CAN YOU TELL A DETECTIVE?

“Do you think there is anything in the commonly accepted idea that one can always tell a detective?”

“Nothing at all. It is quite a mistake. I have had many instances to the contrary in my own experience.

I was once on board a steamer coming from America with a forger in my care, and, in order to let things go pleasantly all round, I had asked the captain not to let it be known that I was 0n board.

A very nice young fellow made friends with me soon after we left the harbour, and a day or two later he came up to me with an air of great mystery, and informed me that he believed we had a Scotland Yard detective on board.

I was, of course, immensely surprised, and asked him to be sure and tell me if be discovered his identity.

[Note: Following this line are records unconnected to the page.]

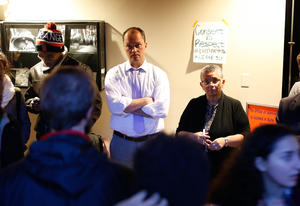 Gabe Nugent, associate general counsel for SU, and Bea Gonzalez, University College dean, talk with protesters on Nov. 7 about rules for staying over the weekend. Protesters are now in their second weekend of the sit-in.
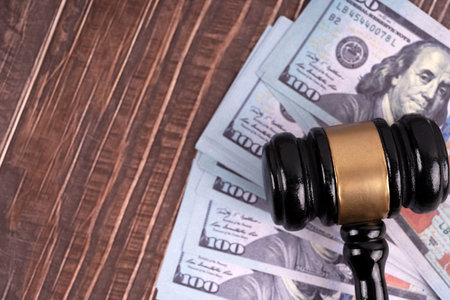 Wooden judge gavel and dollar banknotes on wooden background.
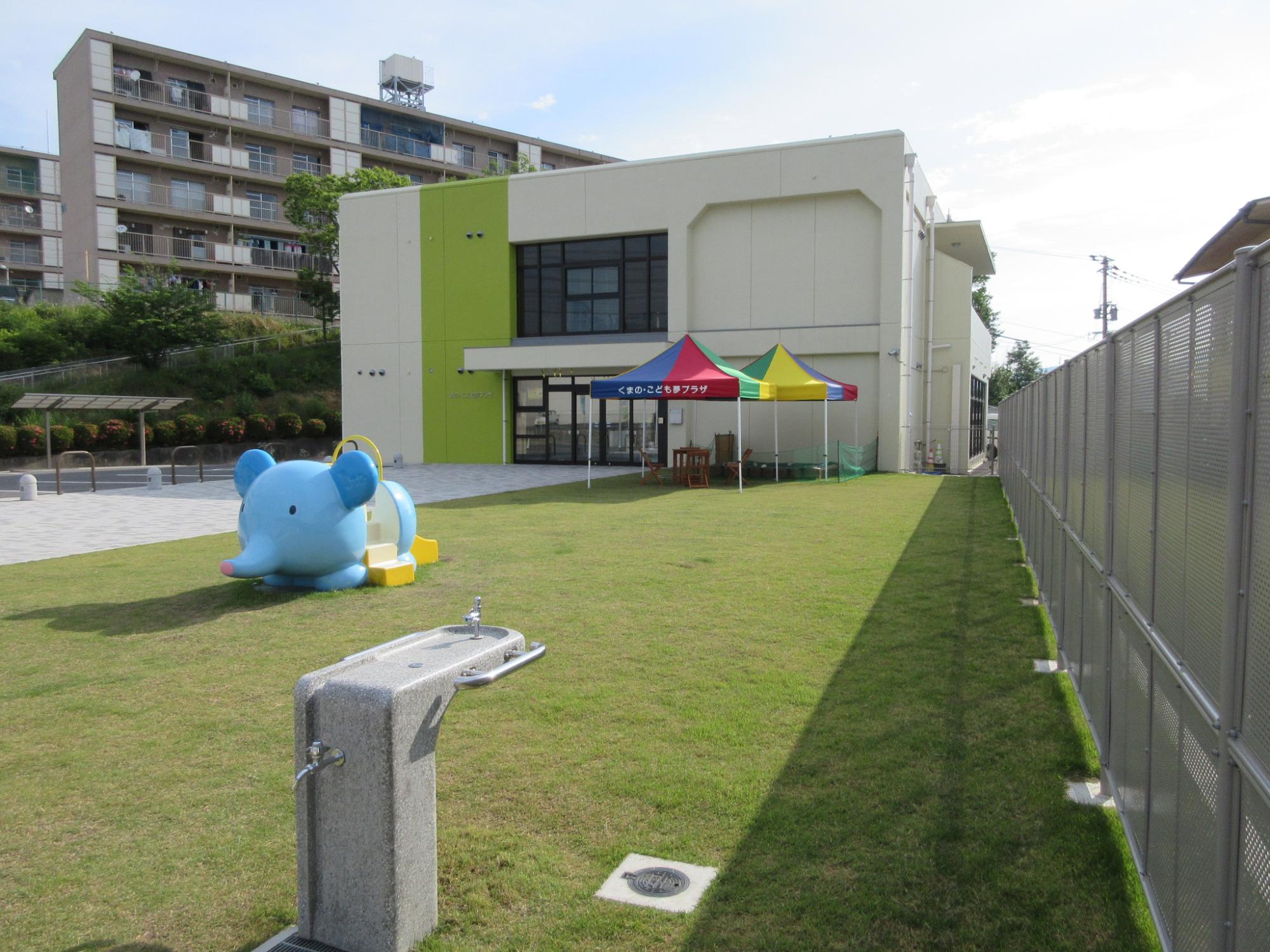 建物の前のスペースに芝生があり水飲み場とゾウの遊具がある写真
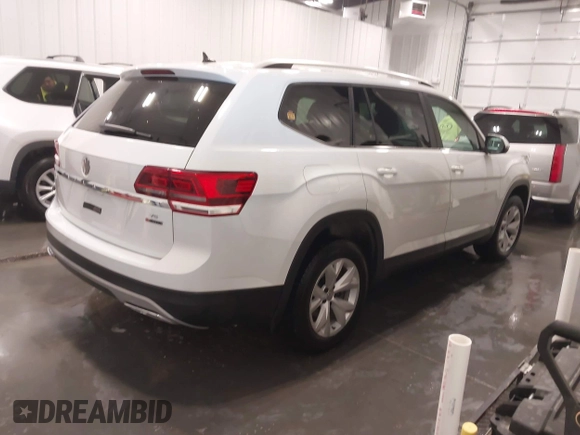 2018 Volkswagen Atlas SE with VIN 1V2KR2CA7JC574270, listed as a IAAI auction lot 41654110 with 104,440 mi miles and . Bid and sale history available at DreamBid. Image 4.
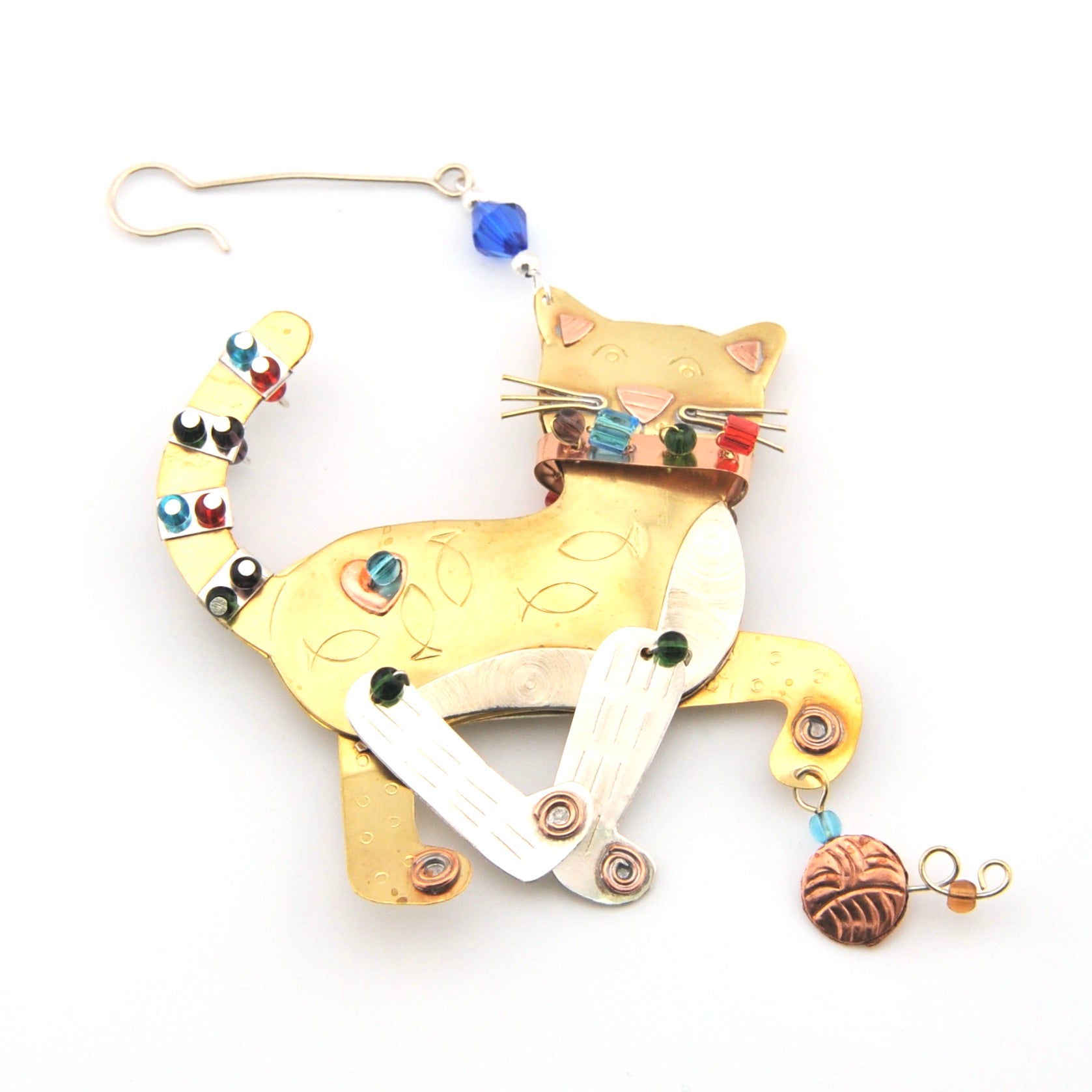 Decorative cat-shaped ornament with colorful beads on a white background
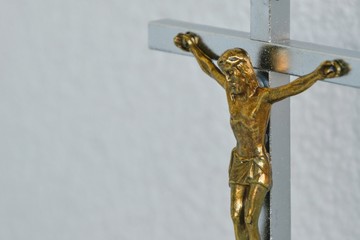 Bronze crucifix. Image of Jesus Christ on the cross. Brass Cross with crucified Jesus Christ. Place for text.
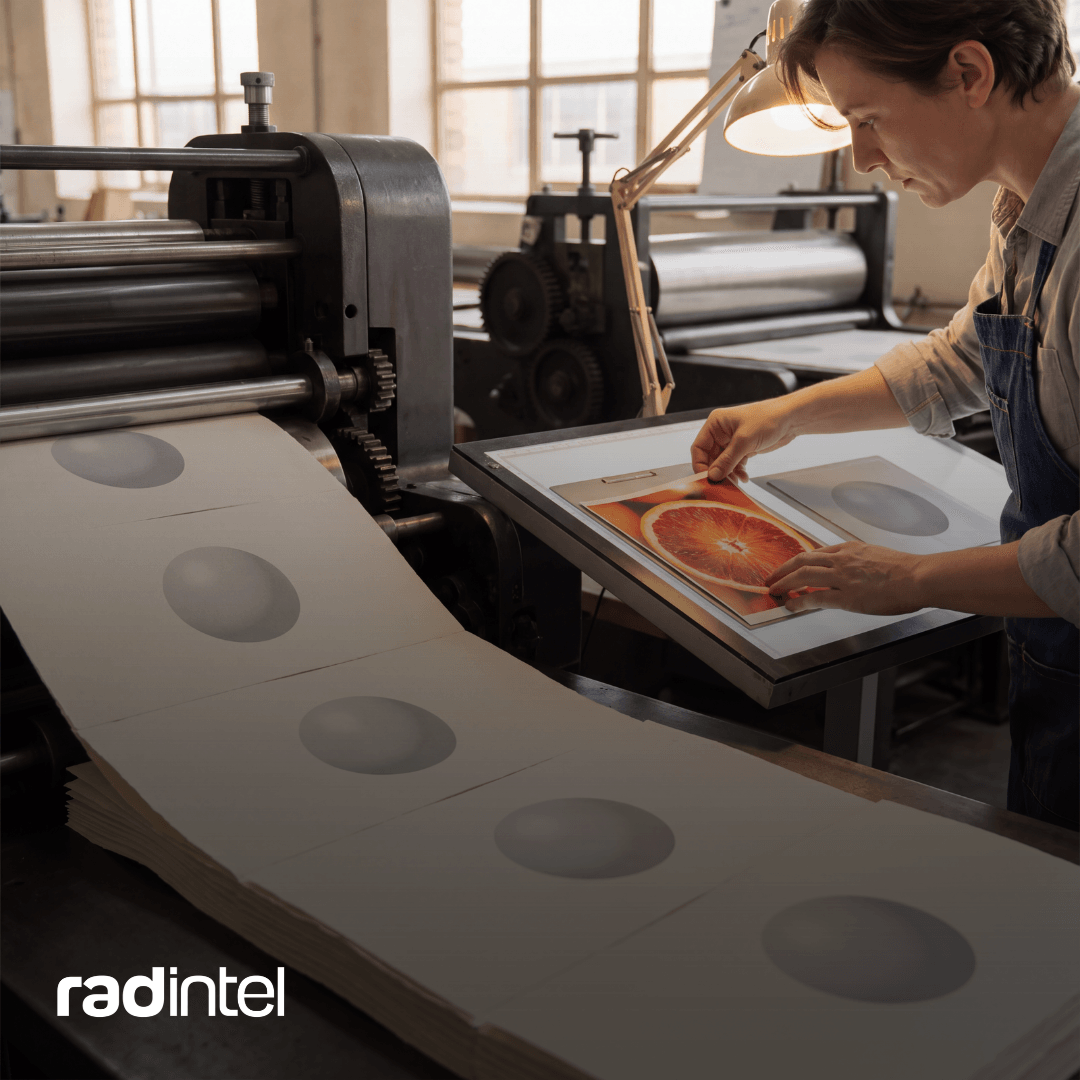 A printing press turns out a row of identical sheets, each printed with the same gray circle, while a printmaker examines a vivid blood orange print on a light table.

On the same voyage, I had, in addition to my forger on the right hand, a young gentleman on my left who was suspected of murdering his father, a wealthy American banker.”

DO DETECTIVES GO ABOUT IN DISGUISE?

“Does the modern detective rely to any great extent upon disguises or make-up, Mr. Littlechild?”

“To some extent, of course, and he should have a good deal of the actor in him.

One of his most valuable talents is the power of looking like a fool while yet keeping his wits very much on the alert.

By assuming an air of superhuman innocence or stupidity, you may lure the deepest criminal in, as Perkyn Middlewick would say, until he falls headlong into your arms.

DETECTIVES ARE ACTORS

A good detective is an actor – with a difference.”

“That his acting is very real and very serious —–”

“And very much more difficult.

In a play an actor has every circumstance made to fit him, to play up to him, as it were, by an obliging author.

The detective has to fit himself to circumstances.

He begins in darkness and makes his way through obstruction.

ONLY THE RESULTS ARE SEEN

The public, even the judges and our own chiefs, often only see the result of our work.

‘The prisoner, who was arrested by Inspector Blank’ –  that is all they generally see of it.

They know nothing of the many devices adopted in putting together the thousand and one links in the chain which led up to the capture, the narrow escapes from utter failure, the intense and incessant vigilance which has been necessary; for sometimes a single turn of the wheel in chasing a criminal, and days and months of labour may be lost in a moment.

Just as in chemistry an audience may see a vapour, a liquid, a crystal, a sudden flame of light, but they know nothing of how it was produced, so the public knows nothing of the steps which led to the clapping of the handcuffs upon the wrists of a forger, or the slipping of the white cap over a murderer’s head.”